Environmental Factor, July 2011, National Institute of Environmental Health Sciences
NIEHS fellow receives Endocrine Society Presidential Poster Award
By Ian Thomas
Presidential Poster Award winner Revollo (Photo courtesy of Steve McCaw)
NIEHS visiting fellow Javier Revollo, Ph.D., received the Presidential Poster Award at ENDO Expo 2011: The 93d Annual Meeting of the Endocrine Society(http://www.endo-society.org/endo/) . Revollo's poster depicted his most recent research on glucocorticoids, steroid hormones that manage a variety of physiological processes, most notably metabolism and immunity.
"This study was inspired by our need to better understand how glucocorticoids work," Revollo explained. "Initially, we hoped to simply define the role of Hes1 in glucocorticoid signaling, and I feel that we've certainly accomplished that and much more. Ultimately, we discovered that Hes1 is actually a major regulator of the signaling process."

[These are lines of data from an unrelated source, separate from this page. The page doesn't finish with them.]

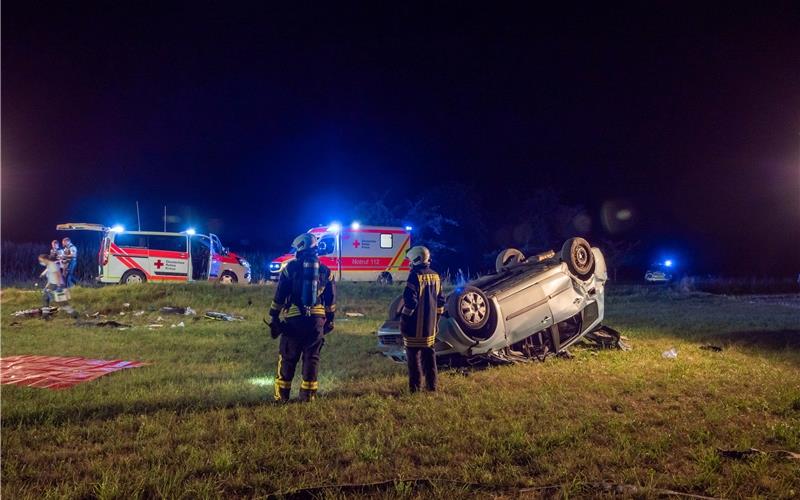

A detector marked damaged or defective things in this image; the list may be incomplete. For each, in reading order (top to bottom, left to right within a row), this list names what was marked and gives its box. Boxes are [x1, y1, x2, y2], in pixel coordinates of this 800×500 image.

overturned silver car [378, 238, 620, 364] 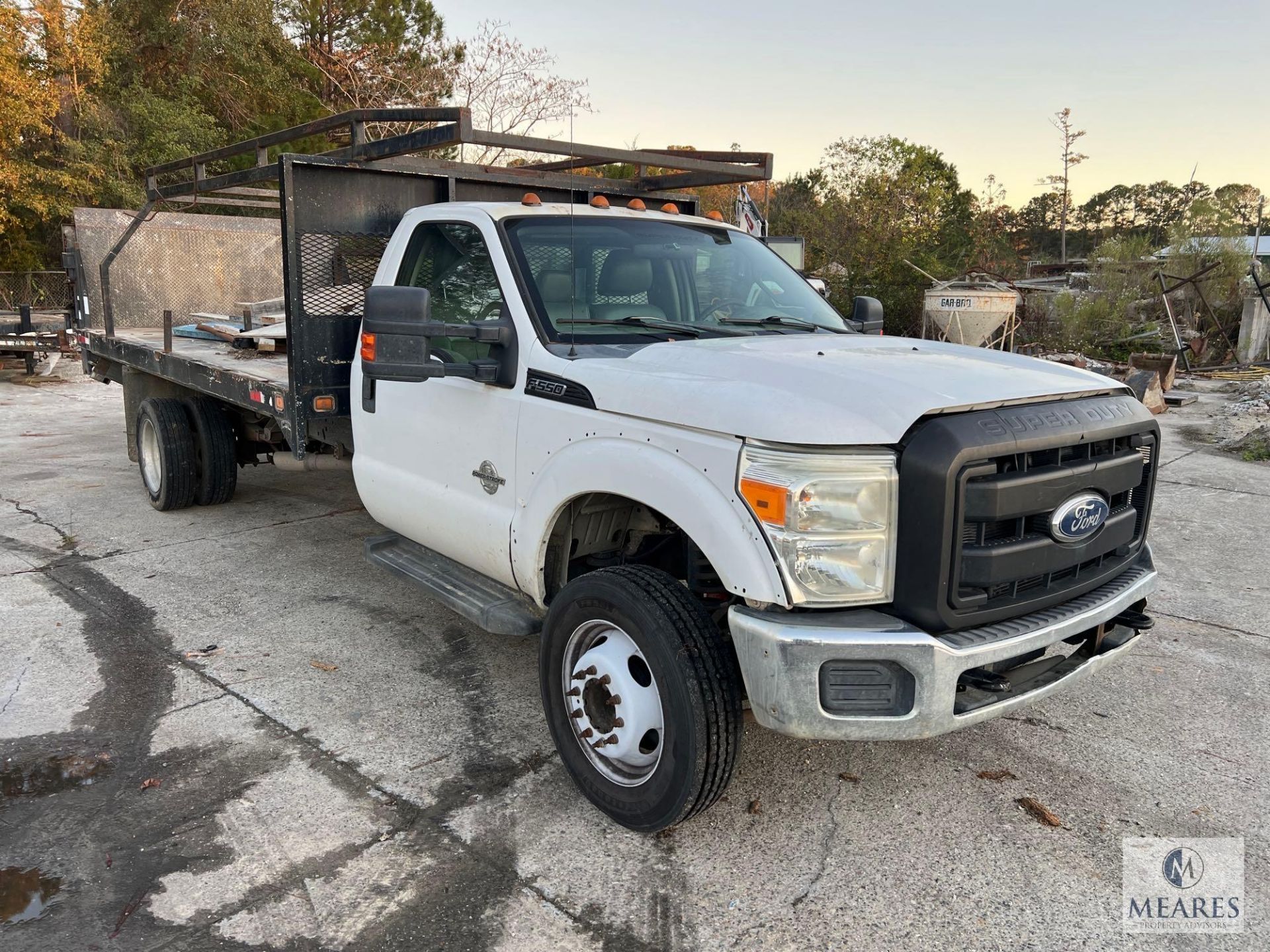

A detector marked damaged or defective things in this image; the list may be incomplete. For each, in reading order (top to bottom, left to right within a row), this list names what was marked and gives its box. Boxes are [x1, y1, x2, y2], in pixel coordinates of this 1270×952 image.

cracked concrete pavement [0, 368, 1265, 952] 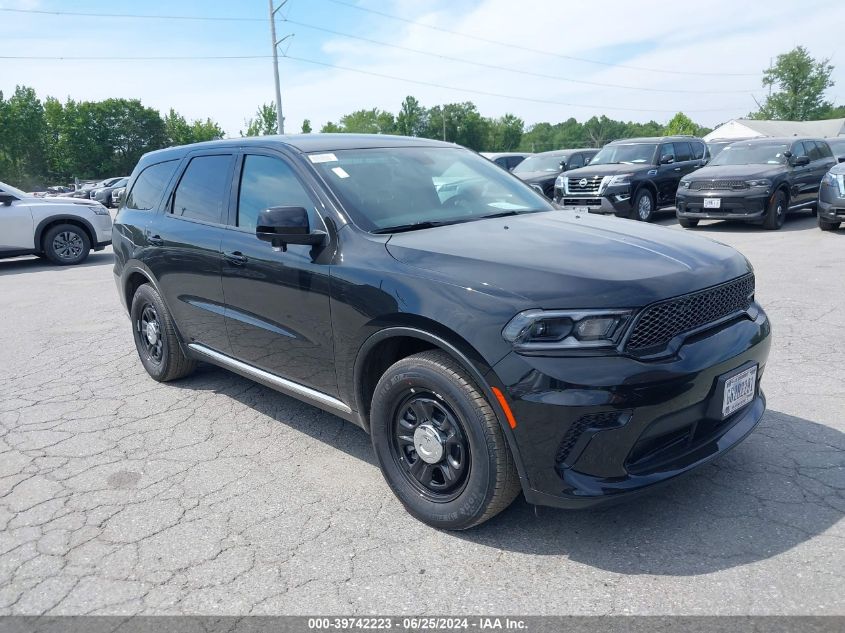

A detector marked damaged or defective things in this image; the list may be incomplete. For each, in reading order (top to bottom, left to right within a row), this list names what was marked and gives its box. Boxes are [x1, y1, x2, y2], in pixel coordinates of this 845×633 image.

cracked asphalt [1, 211, 844, 612] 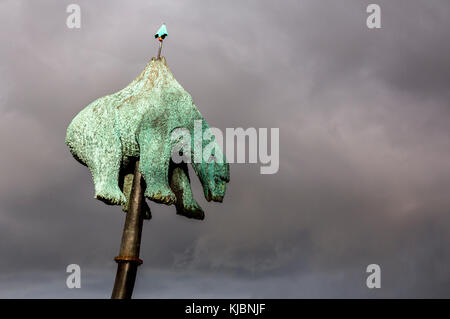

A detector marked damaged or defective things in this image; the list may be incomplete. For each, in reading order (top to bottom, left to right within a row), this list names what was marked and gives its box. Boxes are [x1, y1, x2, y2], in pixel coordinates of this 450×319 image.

rusty metal pole [111, 162, 145, 300] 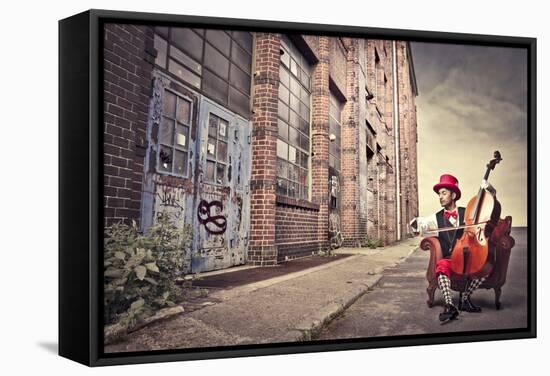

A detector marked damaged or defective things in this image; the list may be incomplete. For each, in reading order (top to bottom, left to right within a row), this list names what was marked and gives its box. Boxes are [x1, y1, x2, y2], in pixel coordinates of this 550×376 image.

broken window [158, 88, 193, 178]
broken window [278, 36, 312, 201]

Given the broad use of glucocorticoids in many of today's prescribed drugs, the possible applications of this particular study appear promising, an opinion shared by Revollo's postdoctoral advisor and the Chief of NIEHS' Laboratory of Signal Transduction, John Cidlowski, Ph.D. (http://www.niehs.nih.gov/research/atniehs/labs/lst/molecular/index.cfm)
"Through the course of his research, Javier has discovered a novel pathway that could eventually lead to new approaches in treating inflammatory disease in men," Cidlowski noted.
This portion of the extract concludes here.